**PROBLEM DESCRIPTION**
All of the data is to be printed exactly, though the images must be left off.

**DATASET CONTENT**

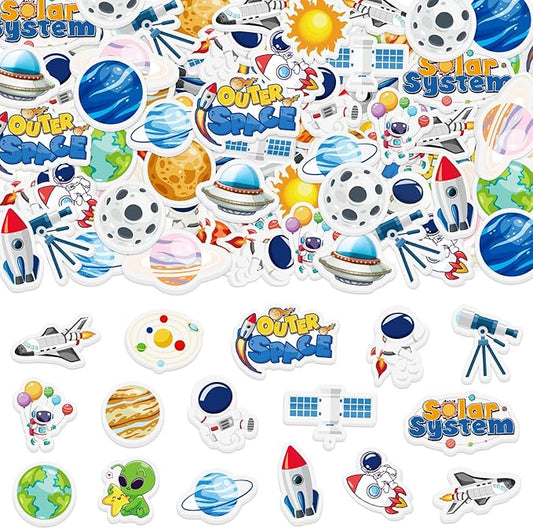 300Pcs Spaces Foam Sticker for Kids, Funny Solar System Planet Sticker Self-Adhesive Outer Space Foam Stickers for Home School Classroom DIY Art Craft Birthday Party Favor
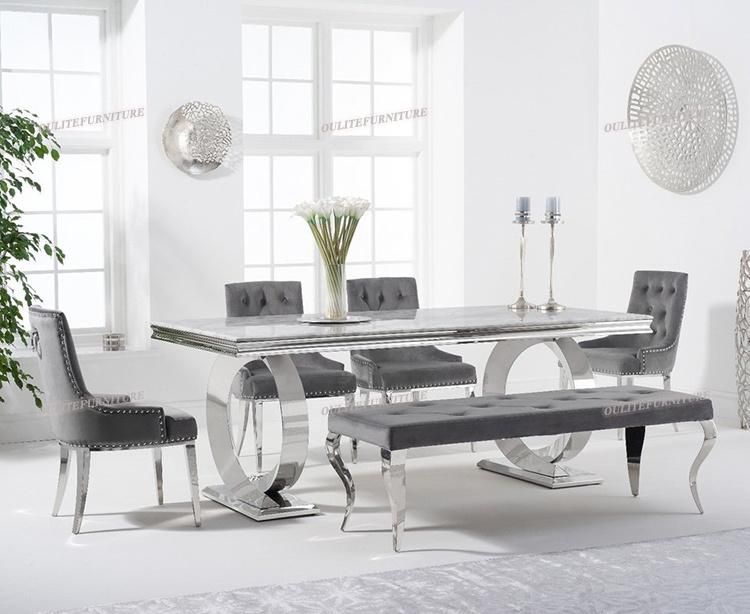 Rectangle Glass Top Metal Legs Dining Table Set for Home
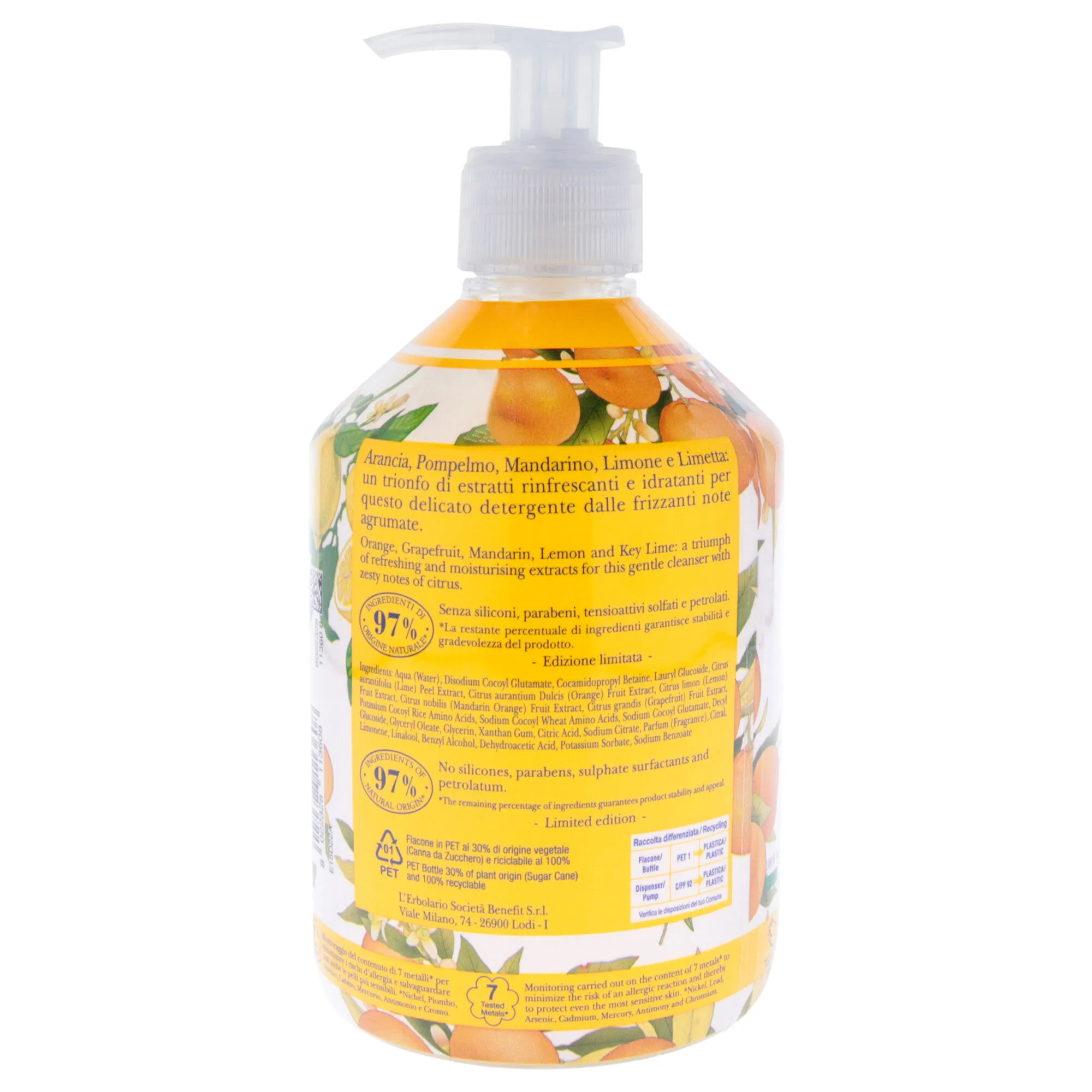 Citrus Fresh Foam Hand and Body Cleanser by LErbolario for Unisex - 16.5 oz Cleanser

**REPLY**
 300Pcs Spaces Foam Sticker for Kids, Funny Solar System Planet Sticker Self-Adhesive Outer Space Foam Stickers for Home School Classroom DIY Art Craft Birthday Party Favor
 Rectangle Glass Top Metal Legs Dining Table Set for Home
 Citrus Fresh Foam Hand and Body Cleanser by LErbolario for Unisex - 16.5 oz Cleanser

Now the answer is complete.